Hamas will not be safe as long as it continues to threaten the lives of Israeli civilians, the army added.

Defense Minister Moshe Yaalon said in a statement carried by Reuters: We are preparing for a battle against Hamas which will not end within a few days.

We will not tolerate missiles being fired at Israeli towns and we are prepared to extend the operations with all means at our disposal in order to keep hitting Hamas, he added.

The Israel-Gaza border heated up last month after Israels arrest of hundreds of Hamas activists in the occupied West Bank, where three Israeli youths went missing on June 12.

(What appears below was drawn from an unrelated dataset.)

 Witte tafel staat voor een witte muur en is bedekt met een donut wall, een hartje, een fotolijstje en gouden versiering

More than 200 rockets have been launched at Israel from the Gaza Strip, the military said, since Israel mounted the dragnet while searching for the teens, who were found dead last week.

Israel has accused Hamas militants of killing them. In a suspected revenge attack, a Palestinian teen was abducted in East Jerusalem last Wednesday. His charred body was found in a forest and six Israeli suspects have been arrested.
Racing for cover
Explosions echoed across the Gaza Strip on Tuesday, shaking buildings and sending smoke rising from targets hit by Israeli fire. In residential areas, the sounds of crying children could be heard as ambulance sirens wailed. Some people took to rooftops to watch for Israeli aircraft and rockets streaking toward Israel.

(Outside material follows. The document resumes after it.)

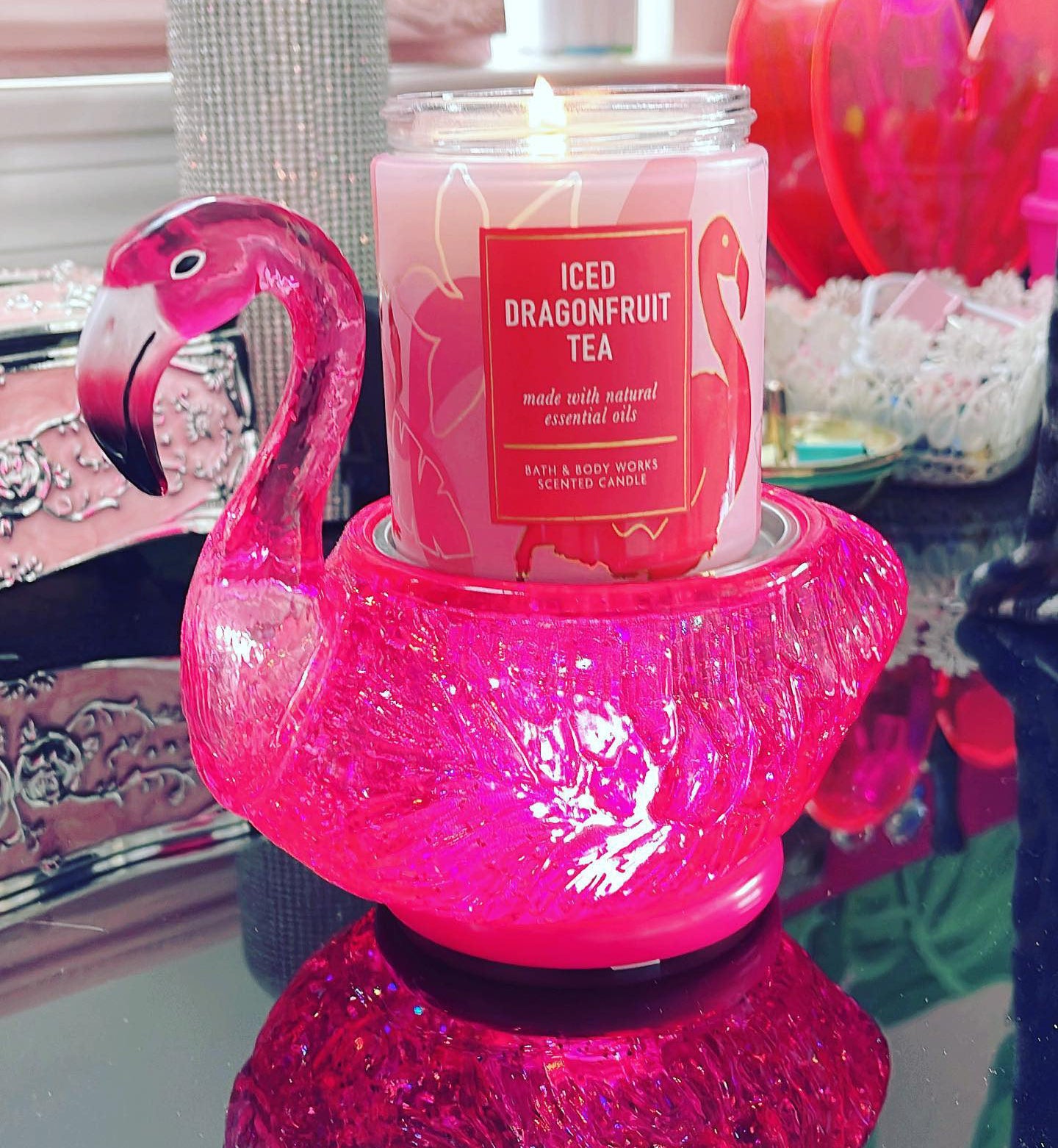 iced dragonfruit tea candle lit on a holder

In the Israeli port city of Ashdod, motorists scrambled out of their vehicles and raced for the relative safety of apartment house entrances as a siren sounded. The scene was repeated in other towns near the Gaza Strip.

Hamas armed wing, the dominant force in the enclave, threatened an earthquake in response to Israels attacks. But a Palestinian source close to the group said it was ready to restore calm if Israel met conditions, including a prisoner release.

The Israeli military, announcing it had launched Operation Protective Edge, said it targeted about 50 sites in aerial and naval assaults overnight and resumed air strikes on Tuesday morning after rockets were fired at southern Israeli towns.

Warning sirens, which police described as false alarms, sounding as far away as Tel Aviv and Jerusalem, some 70 km (40 miles) from Gaza.

The heavy barrage followed the deaths, in disputed circumstances on Monday, of six Hamas men in a tunnel which the Israeli military said the militant group had built under the border to carry out an attack in Israel.

In one Israeli attack overnight that destroyed a Gaza home, the Palestinian Interior Ministry said the family received a telephone call from an Israeli officer telling them to leave. But the ministry said nine neighbors were wounded.

At least one of the targeted homes belonged to a Hamas militant, according to a neighbor.

Setting out terms for a truce, the source close to Hamas said Israel had to stop all forms of aggression, recommit to a 2012 Egyptian-brokered ceasefire and release prisoners it detained in the occupied West Bank last month.

Hamas has been reeling over an Egyptian crackdown on most of the estimated 1,200 cross-border smuggling tunnels run by the group, which Egypt says are used to take weapons into the Sinai
Peninsula.

A further weakening of Hamas could lead to more radical Islamist groups in Gaza becoming stronger, a scenario that could alarm Israel.